Dolos

Dolos is a new type of Cardano node, fine-tuned to solve a very narrow scope: keeping an updated copy of the ledger and replying to queries from trusted clients, while requiring a small fraction of the resources

Motivation

Cardano nodes can assume one of two roles:

  • block producer: in charge of minting blocks
  • relay node: in charge relaying blocks from / to peers.

Each of these roles has concrete responsibilities and runtime requirements. Criteria such as network topology, resource allocation, backup procedures, etc vary by role.

We argue that there’s a 3rd role that should be treated independently with the goal of optimizing its workload: nodes that are used with the sole purpose of resolving local state queries or serving as data source for downstream tools that require ledger data.

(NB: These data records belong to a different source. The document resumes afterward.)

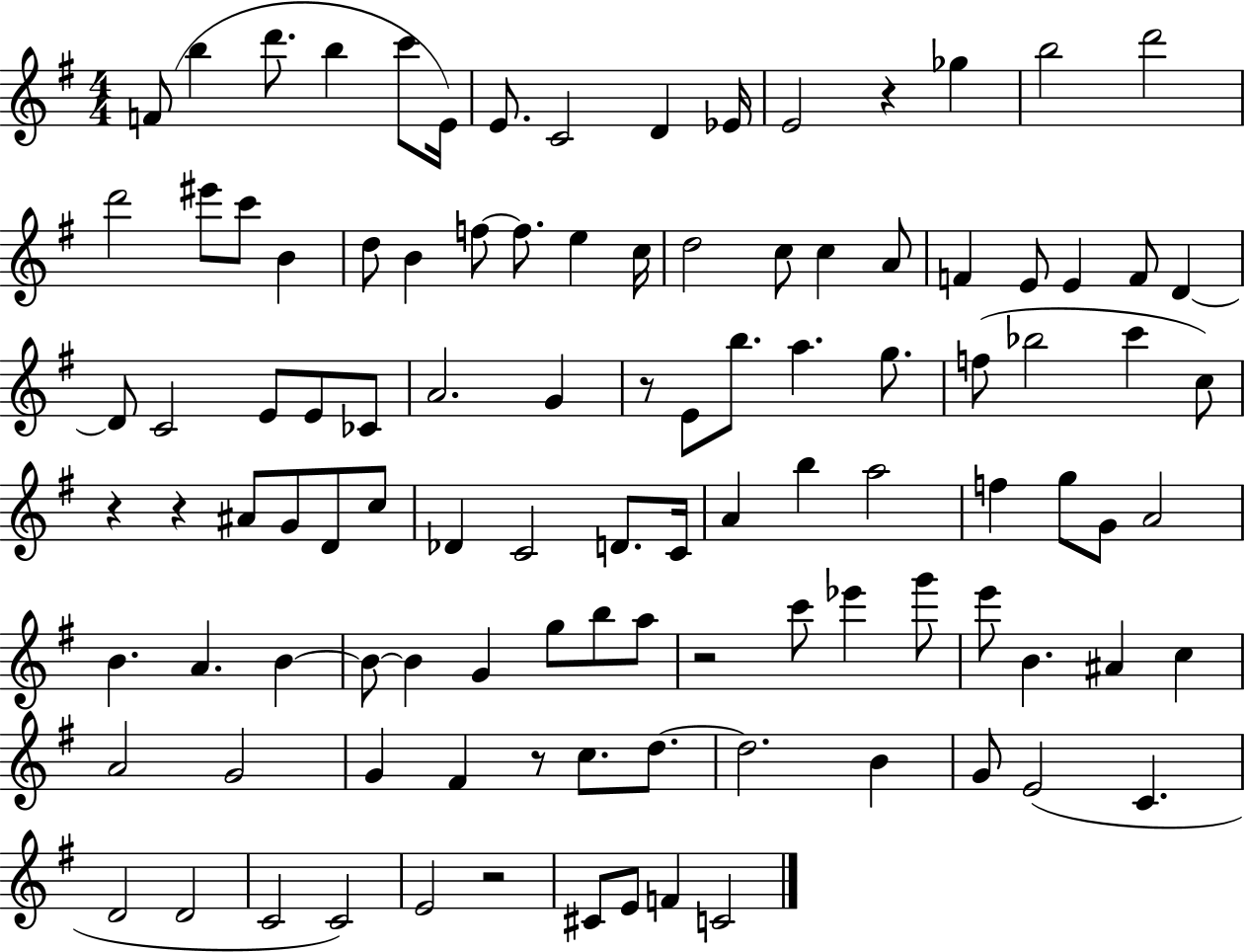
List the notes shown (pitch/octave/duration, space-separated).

F4/e B5/q D6/e. B5/q C6/e E4/s E4/e. C4/h D4/q Eb4/s E4/h R/q Gb5/q B5/h D6/h D6/h EIS6/e C6/e B4/q D5/e B4/q F5/e F5/e. E5/q C5/s D5/h C5/e C5/q A4/e F4/q E4/e E4/q F4/e D4/q D4/e C4/h E4/e E4/e CES4/e A4/h. G4/q R/e E4/e B5/e. A5/q. G5/e. F5/e Bb5/h C6/q C5/e R/q R/q A#4/e G4/e D4/e C5/e Db4/q C4/h D4/e. C4/s A4/q B5/q A5/h F5/q G5/e G4/e A4/h B4/q. A4/q. B4/q B4/e B4/q G4/q G5/e B5/e A5/e R/h C6/e Eb6/q G6/e E6/e B4/q. A#4/q C5/q A4/h G4/h G4/q F#4/q R/e C5/e. D5/e. D5/h. B4/q G4/e E4/h C4/q. D4/h D4/h C4/h C4/h E4/h R/h C#4/e E4/e F4/q C4/h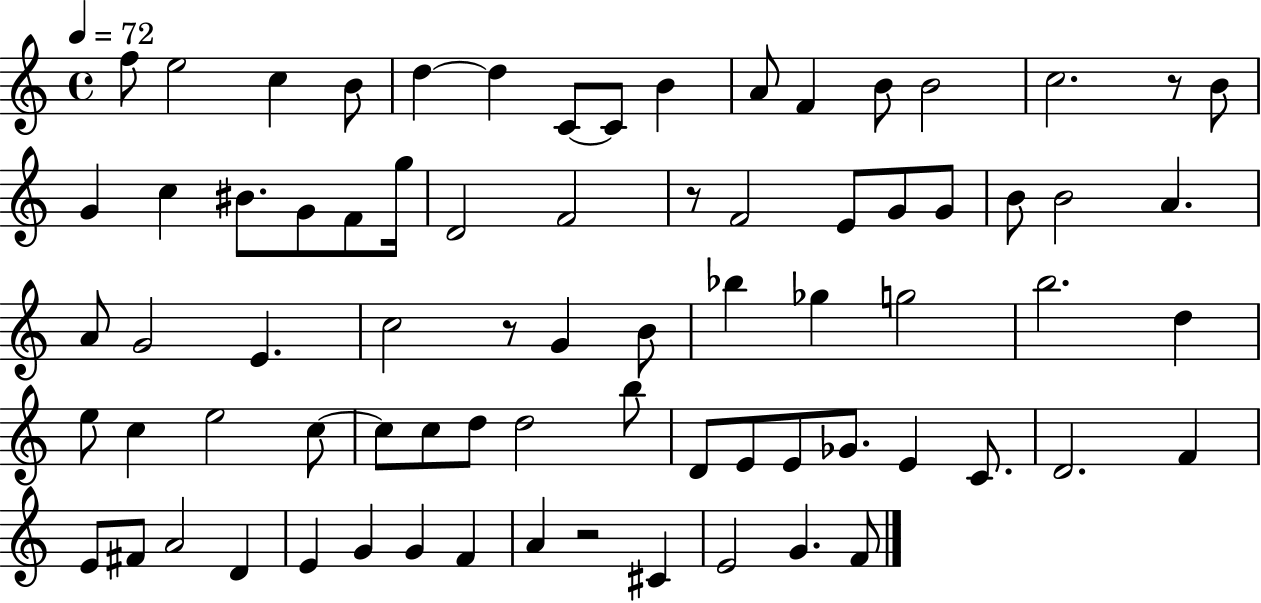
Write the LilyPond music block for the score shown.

{
  \clef treble
  \time 4/4
  \defaultTimeSignature
  \key c \major
  \tempo 4 = 72
  f''8 e''2 c''4 b'8 | d''4~~ d''4 c'8~~ c'8 b'4 | a'8 f'4 b'8 b'2 | c''2. r8 b'8 | \break g'4 c''4 bis'8. g'8 f'8 g''16 | d'2 f'2 | r8 f'2 e'8 g'8 g'8 | b'8 b'2 a'4. | \break a'8 g'2 e'4. | c''2 r8 g'4 b'8 | bes''4 ges''4 g''2 | b''2. d''4 | \break e''8 c''4 e''2 c''8~~ | c''8 c''8 d''8 d''2 b''8 | d'8 e'8 e'8 ges'8. e'4 c'8. | d'2. f'4 | \break e'8 fis'8 a'2 d'4 | e'4 g'4 g'4 f'4 | a'4 r2 cis'4 | e'2 g'4. f'8 | \break \bar "|."
}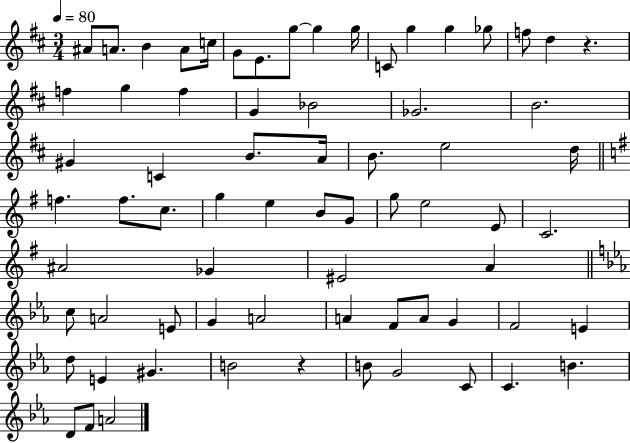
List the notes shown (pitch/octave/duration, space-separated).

A#4/e A4/e. B4/q A4/e C5/s G4/e E4/e. G5/e G5/q G5/s C4/e G5/q G5/q Gb5/e F5/e D5/q R/q. F5/q G5/q F5/q G4/q Bb4/h Gb4/h. B4/h. G#4/q C4/q B4/e. A4/s B4/e. E5/h D5/s F5/q. F5/e. C5/e. G5/q E5/q B4/e G4/e G5/e E5/h E4/e C4/h. A#4/h Gb4/q EIS4/h A4/q C5/e A4/h E4/e G4/q A4/h A4/q F4/e A4/e G4/q F4/h E4/q D5/e E4/q G#4/q. B4/h R/q B4/e G4/h C4/e C4/q. B4/q. D4/e F4/e A4/h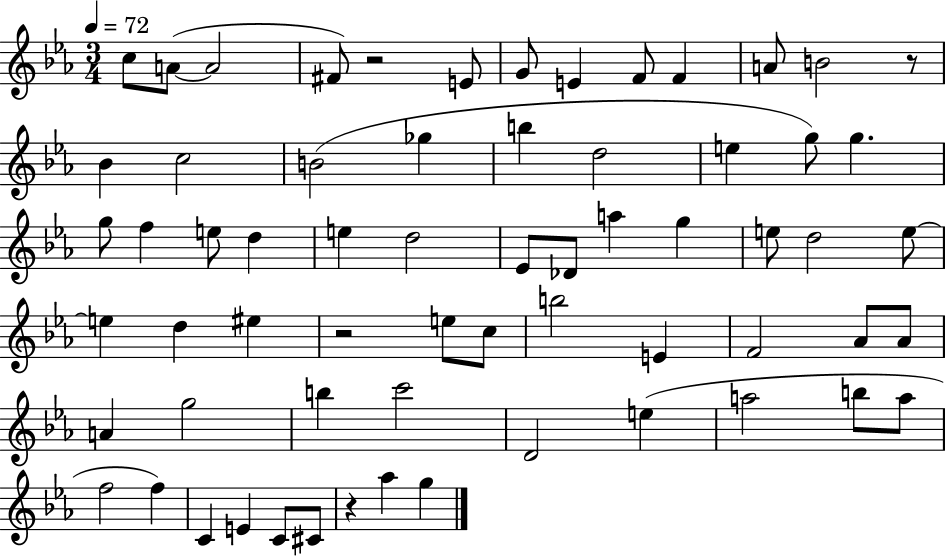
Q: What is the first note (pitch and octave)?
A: C5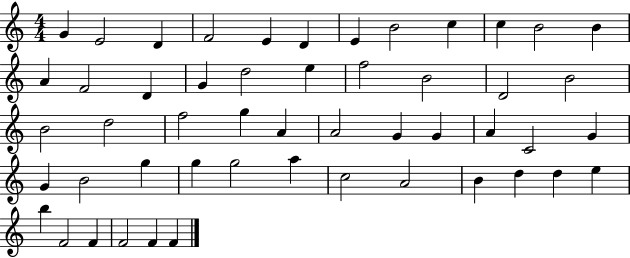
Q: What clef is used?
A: treble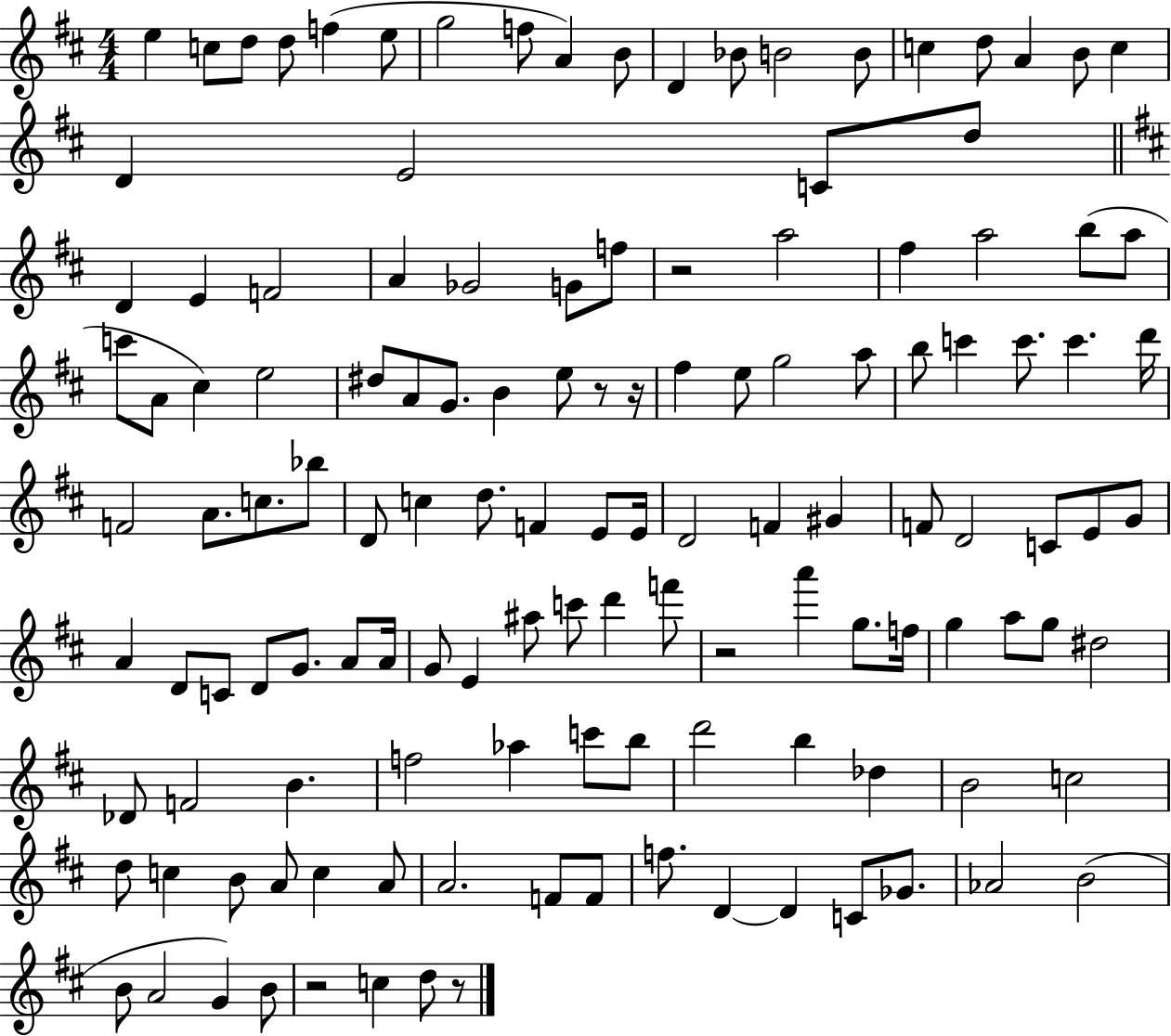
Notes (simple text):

E5/q C5/e D5/e D5/e F5/q E5/e G5/h F5/e A4/q B4/e D4/q Bb4/e B4/h B4/e C5/q D5/e A4/q B4/e C5/q D4/q E4/h C4/e D5/e D4/q E4/q F4/h A4/q Gb4/h G4/e F5/e R/h A5/h F#5/q A5/h B5/e A5/e C6/e A4/e C#5/q E5/h D#5/e A4/e G4/e. B4/q E5/e R/e R/s F#5/q E5/e G5/h A5/e B5/e C6/q C6/e. C6/q. D6/s F4/h A4/e. C5/e. Bb5/e D4/e C5/q D5/e. F4/q E4/e E4/s D4/h F4/q G#4/q F4/e D4/h C4/e E4/e G4/e A4/q D4/e C4/e D4/e G4/e. A4/e A4/s G4/e E4/q A#5/e C6/e D6/q F6/e R/h A6/q G5/e. F5/s G5/q A5/e G5/e D#5/h Db4/e F4/h B4/q. F5/h Ab5/q C6/e B5/e D6/h B5/q Db5/q B4/h C5/h D5/e C5/q B4/e A4/e C5/q A4/e A4/h. F4/e F4/e F5/e. D4/q D4/q C4/e Gb4/e. Ab4/h B4/h B4/e A4/h G4/q B4/e R/h C5/q D5/e R/e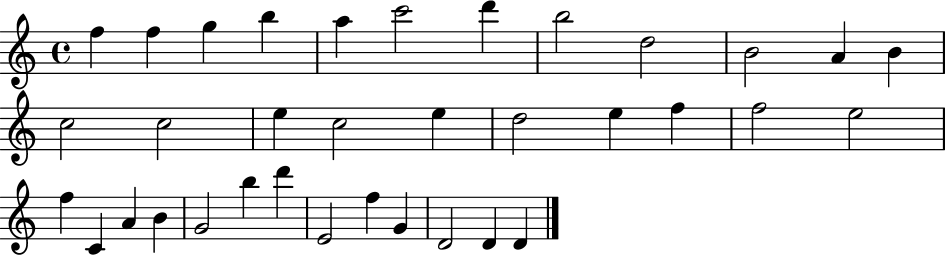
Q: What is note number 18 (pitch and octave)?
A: D5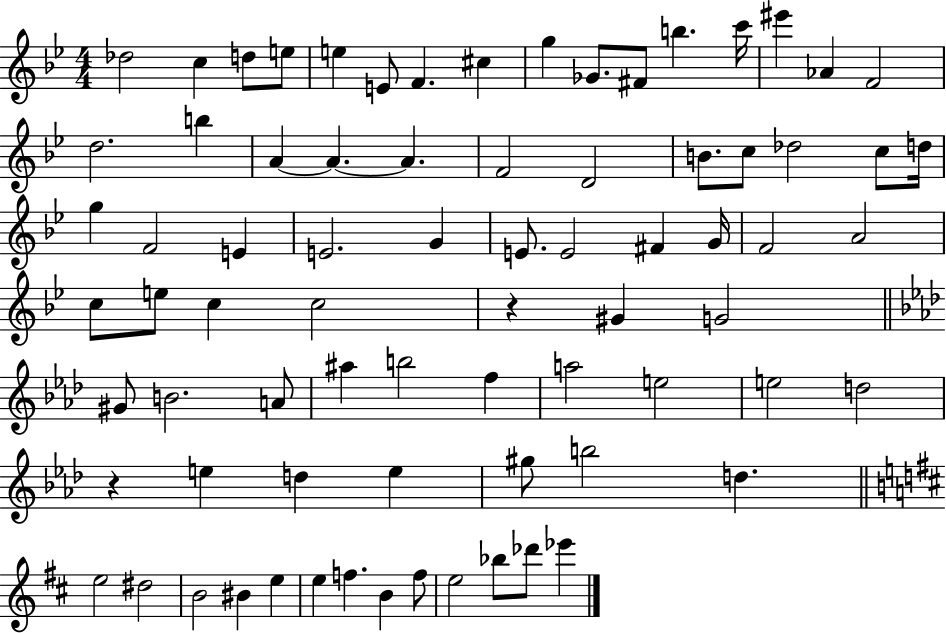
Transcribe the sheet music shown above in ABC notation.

X:1
T:Untitled
M:4/4
L:1/4
K:Bb
_d2 c d/2 e/2 e E/2 F ^c g _G/2 ^F/2 b c'/4 ^e' _A F2 d2 b A A A F2 D2 B/2 c/2 _d2 c/2 d/4 g F2 E E2 G E/2 E2 ^F G/4 F2 A2 c/2 e/2 c c2 z ^G G2 ^G/2 B2 A/2 ^a b2 f a2 e2 e2 d2 z e d e ^g/2 b2 d e2 ^d2 B2 ^B e e f B f/2 e2 _b/2 _d'/2 _e'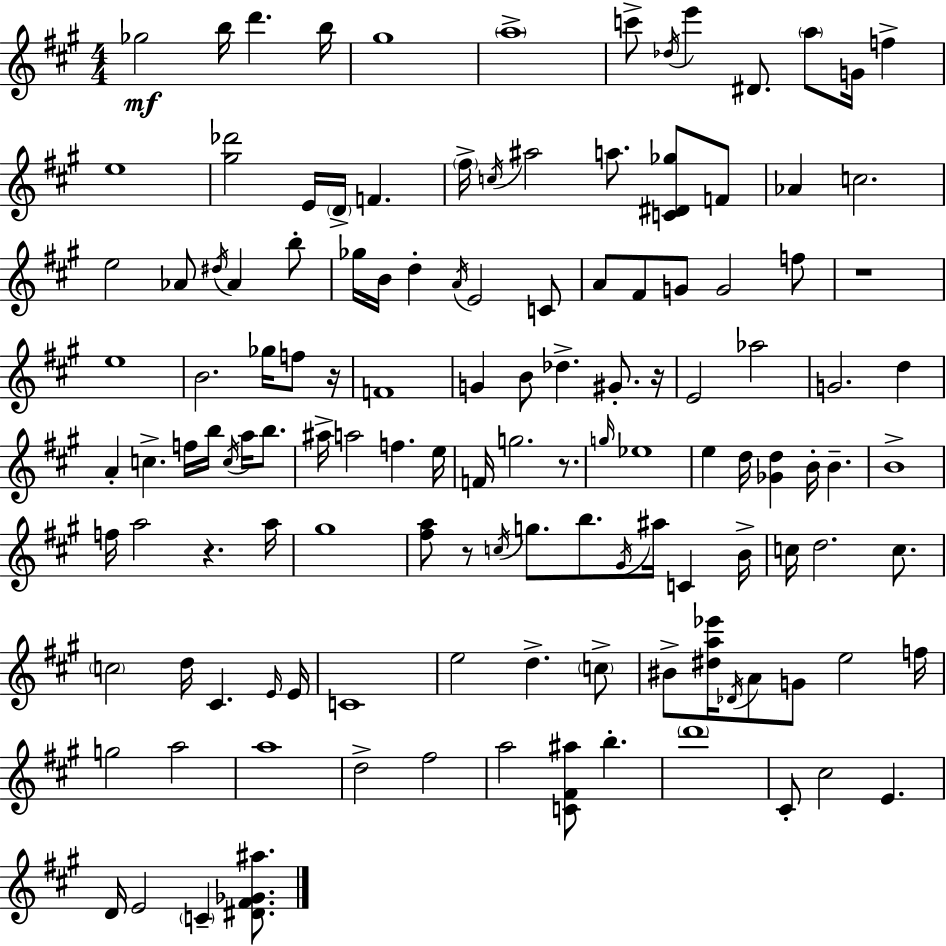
Gb5/h B5/s D6/q. B5/s G#5/w A5/w C6/e Db5/s E6/q D#4/e. A5/e G4/s F5/q E5/w [G#5,Db6]/h E4/s D4/s F4/q. F#5/s C5/s A#5/h A5/e. [C4,D#4,Gb5]/e F4/e Ab4/q C5/h. E5/h Ab4/e D#5/s Ab4/q B5/e Gb5/s B4/s D5/q A4/s E4/h C4/e A4/e F#4/e G4/e G4/h F5/e R/w E5/w B4/h. Gb5/s F5/e R/s F4/w G4/q B4/e Db5/q. G#4/e. R/s E4/h Ab5/h G4/h. D5/q A4/q C5/q. F5/s B5/s C5/s A5/s B5/e. A#5/s A5/h F5/q. E5/s F4/s G5/h. R/e. G5/s Eb5/w E5/q D5/s [Gb4,D5]/q B4/s B4/q. B4/w F5/s A5/h R/q. A5/s G#5/w [F#5,A5]/e R/e C5/s G5/e. B5/e. G#4/s A#5/s C4/q B4/s C5/s D5/h. C5/e. C5/h D5/s C#4/q. E4/s E4/s C4/w E5/h D5/q. C5/e BIS4/e [D#5,A5,Eb6]/s Db4/s A4/e G4/e E5/h F5/s G5/h A5/h A5/w D5/h F#5/h A5/h [C4,F#4,A#5]/e B5/q. D6/w C#4/e C#5/h E4/q. D4/s E4/h C4/q [D#4,F#4,Gb4,A#5]/e.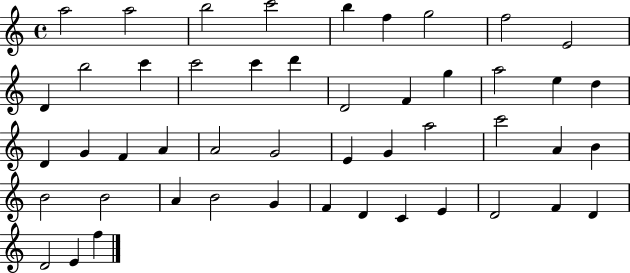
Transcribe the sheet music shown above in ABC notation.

X:1
T:Untitled
M:4/4
L:1/4
K:C
a2 a2 b2 c'2 b f g2 f2 E2 D b2 c' c'2 c' d' D2 F g a2 e d D G F A A2 G2 E G a2 c'2 A B B2 B2 A B2 G F D C E D2 F D D2 E f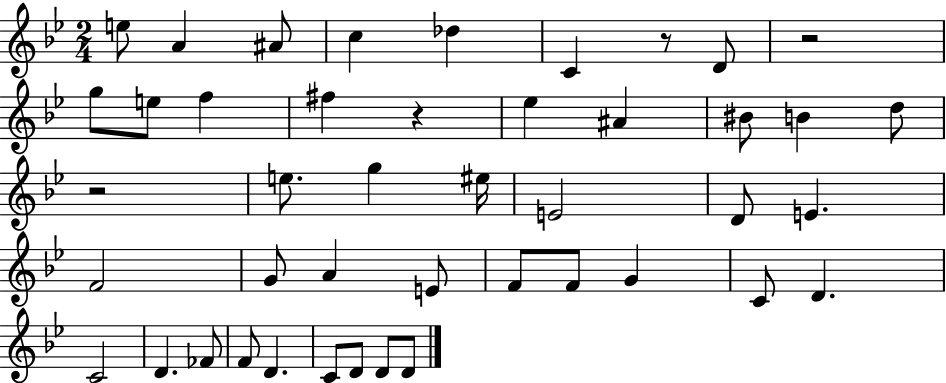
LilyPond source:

{
  \clef treble
  \numericTimeSignature
  \time 2/4
  \key bes \major
  e''8 a'4 ais'8 | c''4 des''4 | c'4 r8 d'8 | r2 | \break g''8 e''8 f''4 | fis''4 r4 | ees''4 ais'4 | bis'8 b'4 d''8 | \break r2 | e''8. g''4 eis''16 | e'2 | d'8 e'4. | \break f'2 | g'8 a'4 e'8 | f'8 f'8 g'4 | c'8 d'4. | \break c'2 | d'4. fes'8 | f'8 d'4. | c'8 d'8 d'8 d'8 | \break \bar "|."
}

There are many potential optimizations for nodes performing this type of workload that are not currently possible with the Cardano node:

  • drastically limiting the amount of memory required to execute the node
  • switching to storage solutions with different trade-offs (eg: S3, NFS, etc)
  • providing alternative wire protocols more friendly for data queries (eg: REST, gRPC)
  • providing an auth layer in front of the API endpoints

The goal of this project is to provide a very limited and focused version of the Cardano node that can be used by DevOps as a cost-effective, performant option to deploy data nodes side-by-side with the producer / relay nodes.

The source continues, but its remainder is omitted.